It’s a yearly ritual–this walk in Mount Auburn Cemetery, when autumn is at its glory, but winter is close. It was such an afternoon–windy and biting–yesterday’s warmth having given way to more cold day. The cemetery was quiet, save the screech of the birds on top of trees, and the crunch of dry leaves under our feet.
Certainly not the kind of day for a long, long walk. So, after an abbreviated walk, I decided to drive slowly through the home of the dead, but soon lost my way and began going in circles. Even seasoned visitors to this beautiful cemetery will tell you, if they are honest, that they have been lost many times here. I have been lost before, but have attributed it to emotions; I have people buried here. But today had the added disadvantage of construction. There’s construction in the cemetery, and so one entrance is blocked off, and, of course, the detour is not clearly marked.
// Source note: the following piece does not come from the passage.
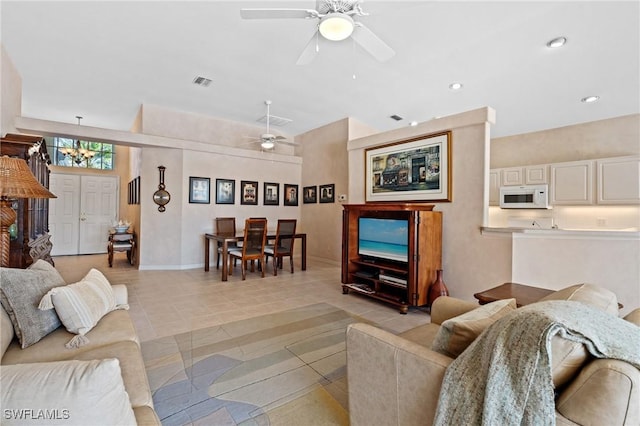 tiled living room with ceiling fan with notable chandelier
So, I drove around, at first with a tinge of panic in my hands and chest, but as the situation’s gravity set in, I simply gave up and reasoned that sooner or later, I will find my way out. Perhaps the dead want me to stay here, keep them company for a while, I thought, the half dozen persons I know who are buried here, and the many famous folk who draw the large crowds.
But getting lost in a cemetery is not the same as getting lost in a city or a mall or a big building. You’re with the dead, you have to tread softy, drive slowly. There are strange, muffled sounds in the trees, wayward pedestrians in black wool hats, a few cars here and there, and that shroud of cold air over us all. Cemeteries are not permanent places of habitation save for the dead.
For us, the living–lost or full of purpose and direction–cemeteries are places we visit and leave. The whirl and twists of Mount Auburn’s paths can make you think this is your destiny. Finally, you have met your fate.
The first car I stopped did not know the way out; the driver was oblivious to the prospect of being lost, a happy sort of guy. He laughed it all off, and perhaps was amused at my anxiety. He looked like a techie.
Then I stopped a portly man and his portlier wife, jolly types, former hippies no doubt. They were obliging; they took out their iphones and showed me the way out of the construction mess. I whizzed out as fast as I could, as though someone, some ghost was following me, avenging something as if.
Yes, for all the beauty–and it is a very beautiful landscape–of Mount Auburn Cemetery, it is easy to be lulled into believing that the dead are living, that we are visiting them for a short period of time and then we’re leaving them, their world. What if night had fallen, I had not found my way, and the autumn beauty had turned dark. What if?
The Armenian saying goes, The earth light on the dead. For a long time I took that to mean what most of us know it to mean. But this afternoon, the blessing took on another meaning: The earth light, not as a wish, but as reality. The earth light–wait till you get lost among them, and night comes.